Multiple Mistakes

Just as one lie leads to another, so one sin begets others. Herod had taken his brother Philip’s wife Herodias from him. When John the Baptist rebuked Herod for that wicked deed, the angry king threw the brave prophet into a dungeon. But the king was not the only person in the palace seething with resentment against John. Herodias, who had cooperated with Herod’s adultery, hated John for his prophetic rebuke. She sought a way to destroy this man whom both the people and the king admired so much. On Herod’s birthday, his step-daughter Salome danced before the assembled guests. We must assume that her dancing was lewd and lust-inciting, for the evil king responded with a promise to give her anything she wanted, up to half his kingdom.

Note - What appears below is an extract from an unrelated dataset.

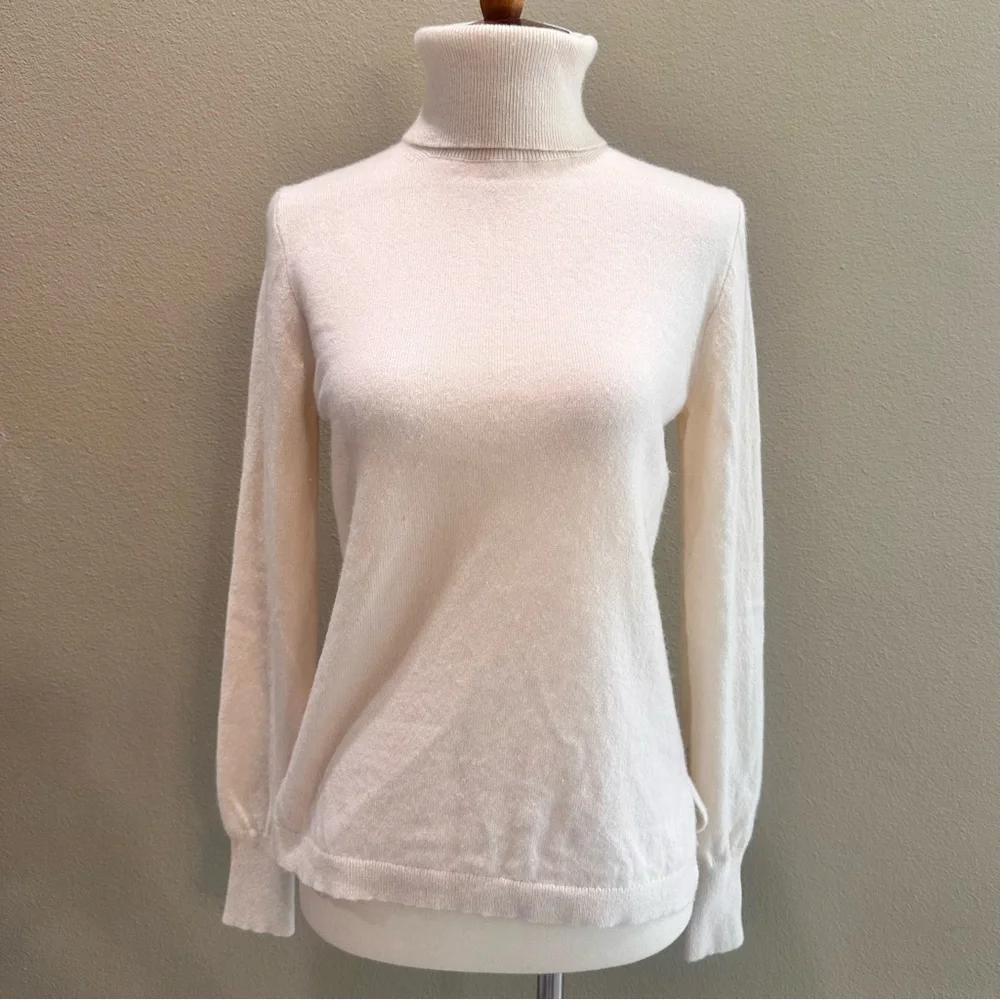 Women's Cream Turtleneck Sweater J. Crew 100% Cashmere Off White Small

He quickly regretted this foolish oath, for his wife prompted Salome to demand the head of John the Baptist on a platter. Herod could have renounced his rash promise, but did not possess the courage to do so in front of all his friends. Thus, the greatest prophet in the history of Israel was sacrificed on the altar of lust, adultery, hatred, and pride. Perhaps if Herod had not cast longing eyes on his brother’s wife, none of this would have happened. “When desire [lust] has conceived, it gives birth to sin; and sin, when it is full-grown, brings forth death” (James 1:15).